The movie Gattaca depicts a society where humans can choose to have children through a clinical eugenics programme or “the natural way”. The medically tailored babies develop into stronger, smarter, prettier people and are consistently preferred over “natural” born individuals. Cognitive enhancements might lead to similar difficulties, with enhanced humans being consistently preferred over non-enhanced ones.

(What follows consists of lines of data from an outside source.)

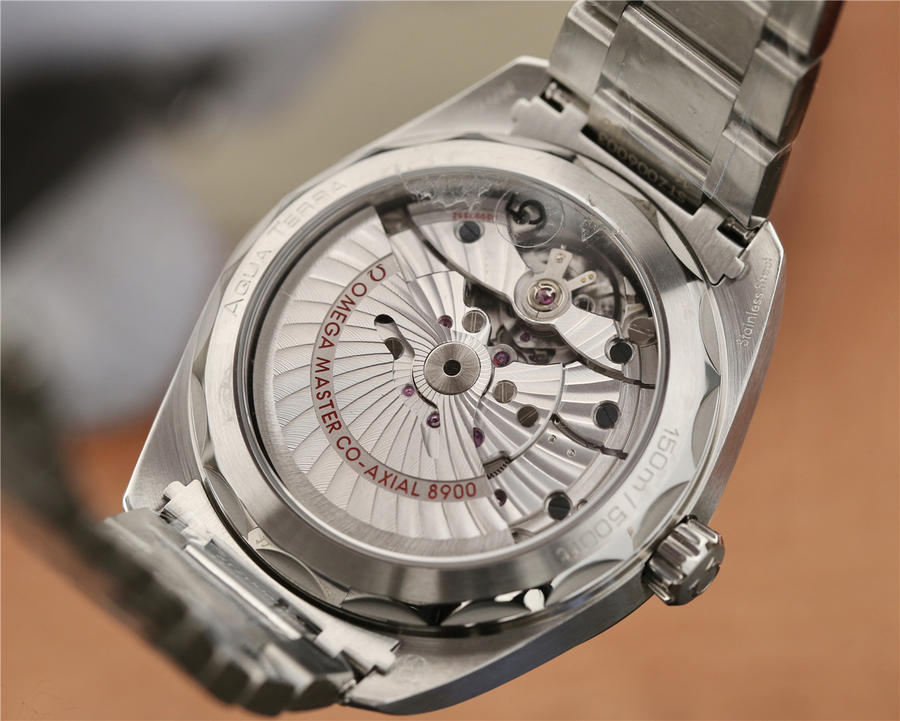 2023090701001211 - 歐米茄海馬150高仿手錶價格 VS歐米茄海馬220.10.41.21.01.001￥3180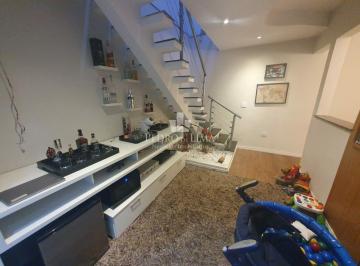 Casa · 200m² · 3 Quartos · 5 Vagas · Casa no Jardim Aricanduva em terreno com 250m², 3 dormitórios, salão com churrasqueira, 5 vagas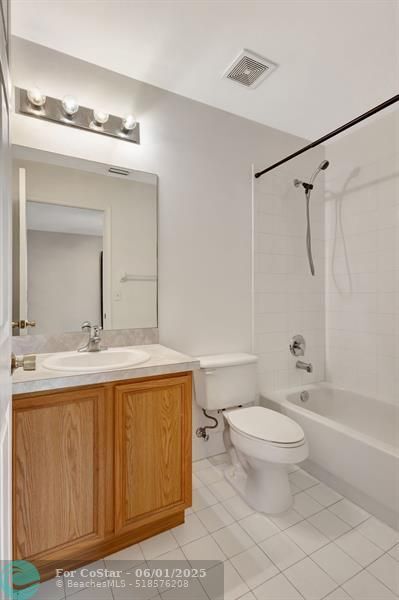 Building Photo - 5047 Palmbrooke Cir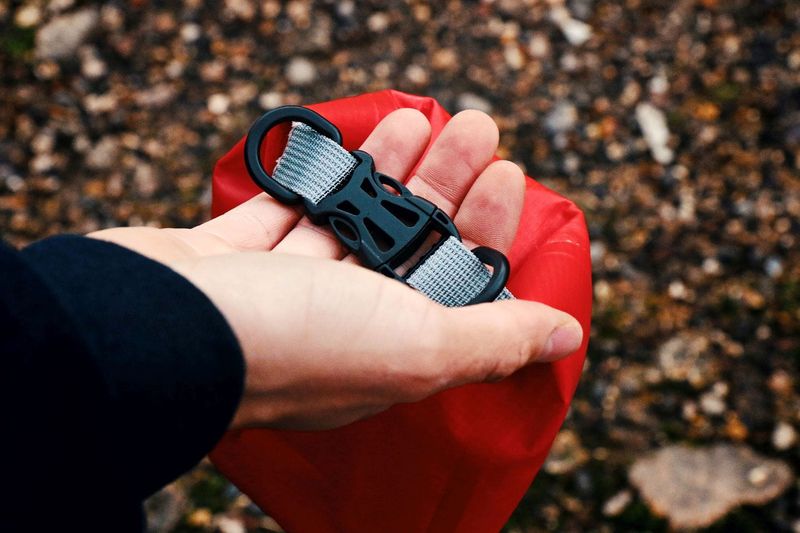Lifesystems mini vanntett førstehjelpspakke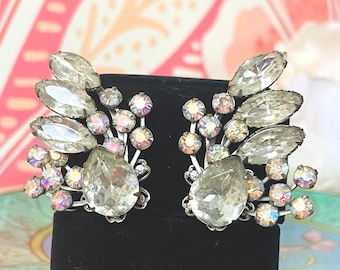 Pendientes de clip vintage con cristales Aurora Boreal: Glamour floral de los años 50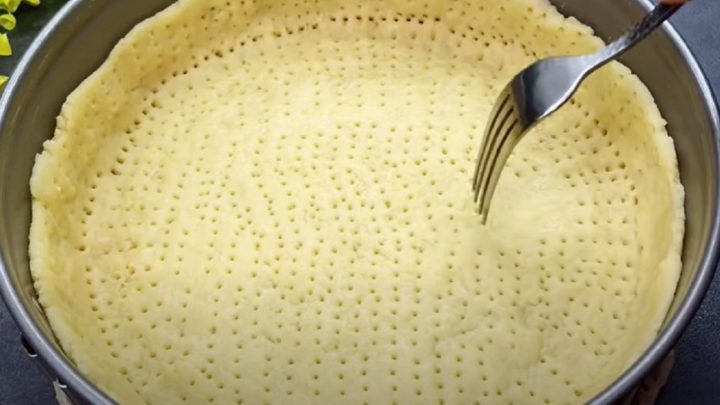 Tvarohový dort s jablky a skořicí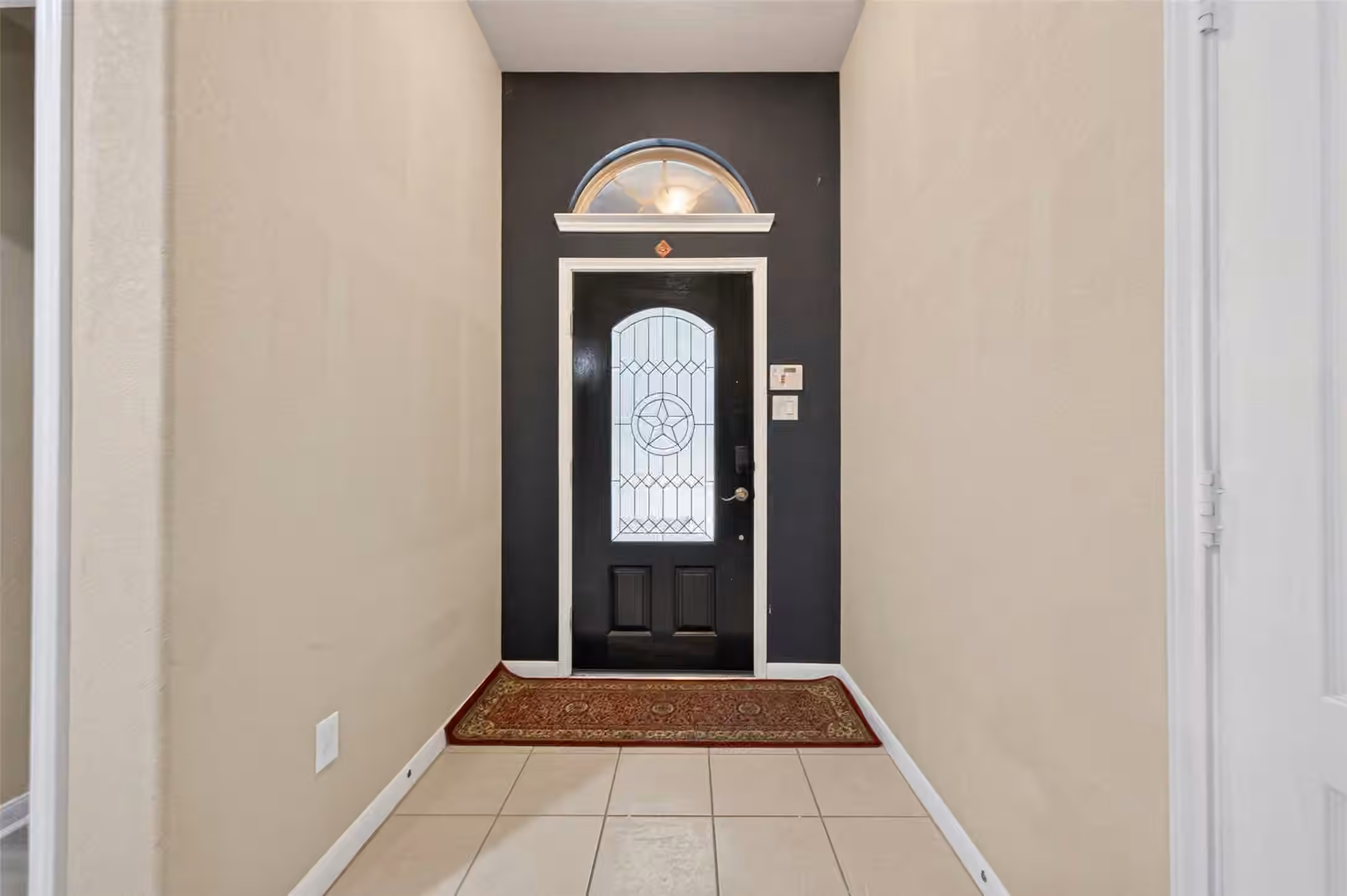 Photo 4 of 6810 Blue Glade Drive, Richmond, TX
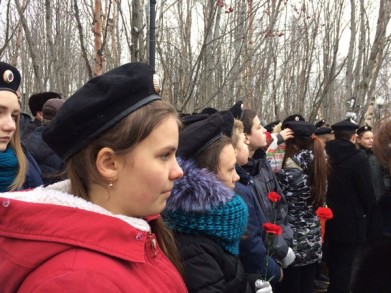 В Мурманске прошел торжественный митинг, посвященный 28-й годовщине вывода советских войск из Афганистана
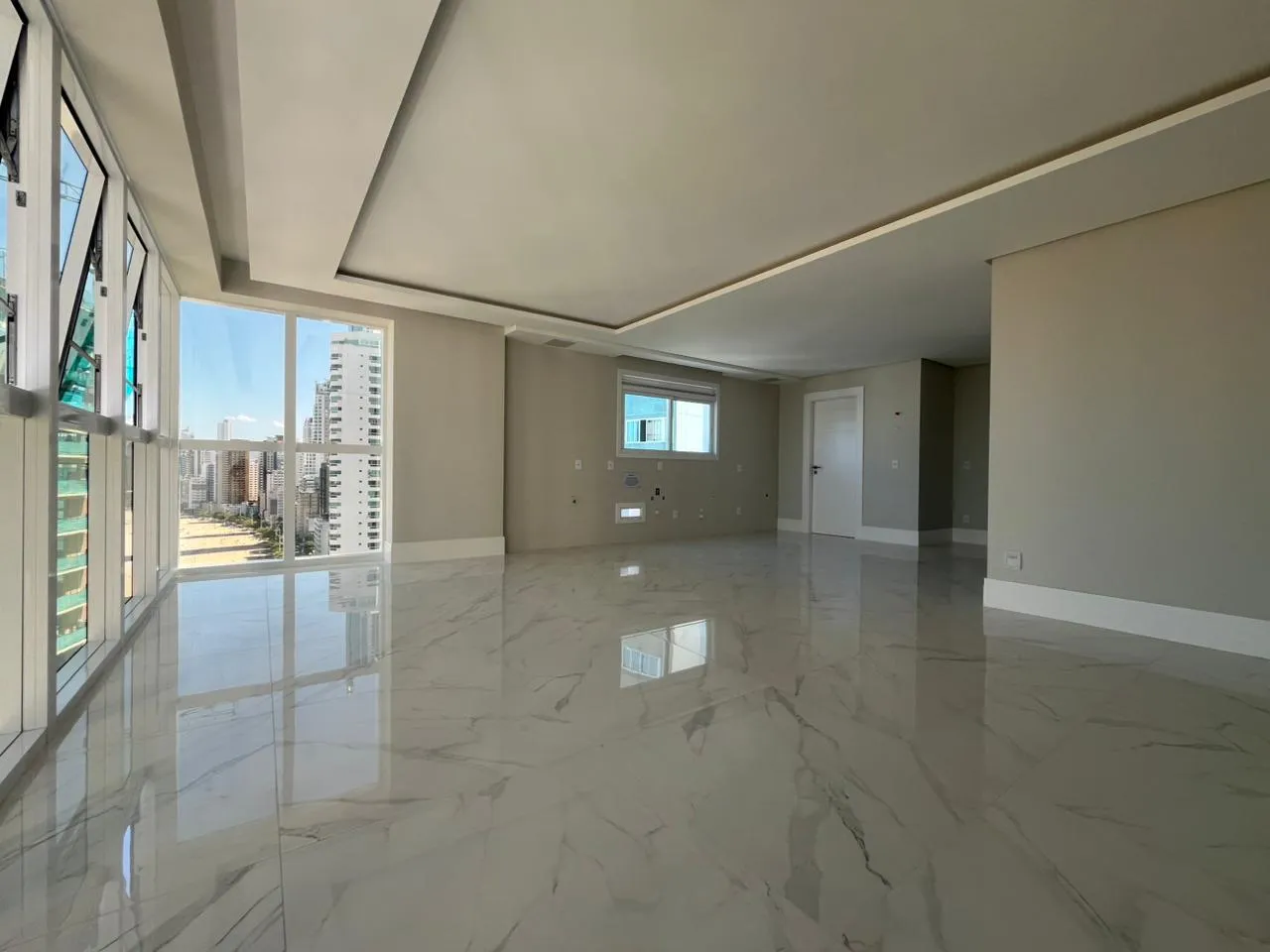SKYLINE TOWER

Existing inequalities might be further exacerbated too, as enhancement technologies first become available to the wealthy and powerful, on the basis of patent protections, regulation, licensing and (at least initially) limited supply.

Good or bad?

None of the above is meant to express a view on whether cognitive enhancements are good or bad. The philosopher and neuroscientist Nayef al-Rodhan advocates for a considered, forward-looking and nuanced debate as improvements in technology, including bio-medical developments, have always been pursued by humans. He notes that the Neuro-P5 – power, profit, pleasure, pride and permanency (ensuring survival and extending life) are strong motivators of human action and any technology enhancing one or several of these motivators will likely be pursued.

Lawyers involving themselves in neuroethical debates now can help to prepare our future society for the time when such questions become urgent and practical. Regulators and lawmakers are often years behind when it comes to addressing new pervasive technologies – is that something we are still comfortable with? 

The author would like to thank Mr Warren Simmons for the inspiration and helpful pointers on this topic.


Benjamin Bestgen is a solicitor and notary public (qualified in Scotland). He also holds a Master of Arts degree in philosophy and tutored in practical philosophy and jurisprudence at the Goethe Universität Frankfurt am Main and the University of Edinburgh.